Tired after a long day’s drive, and having heard that food in Amsterdam is nothing to write home about, we decided just to pick up a few groceries around 7 p.m. and “dine” in our hotel room. The grocery store was a scene, and in describing it, I exaggerate not one jot:
The store was jam packed with shoppers, yet it seemed like there were hardly a half dozen people over 30. Shoppers were jostling and bumping other shoppers and pulling stuff off the shelves like the Dutch were going to institute rationing tomorrow. What’s more, the stuff people were buying was straight out of a Cheech and Chong grocery-shopping-for-the-munchies routine: lots of ready-to-eat food, lots of impulse items, and lots of multiple items, like a guy with five huge, identical chocolate bars. The shelves of the store were half empty, and there were only two individual cans of beer in the whole place. I’ve never before been in a place where I felt like everybody around me was stoned out of his mind.
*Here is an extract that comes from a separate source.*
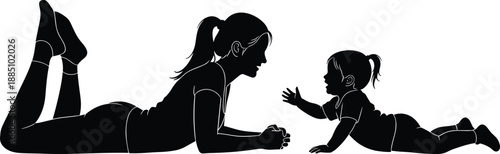Silhouette of mother and baby lying face to face, showing love, bonding, care, motherhood, trust, early childhood connection, family affection concept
By the way, the groceries were astonishingly cheap. We bought two ready-made salads, a small loaf of black bread, four crusty bread rolls, liverwurst, salami, eight sushi-sized disks of goat cheese wrapped in prosciutto, a jar of olives, potato salad, two chocolate bars, a package of honey-filled waffle-wafers, and a package of chocolate digestive biscuits. Total cost: 18 euros (about $22).
I realize that a picnic in the hotel room is kind of a lame way to introduce oneself to a new city, but I have to say, the food tasted AMAZING.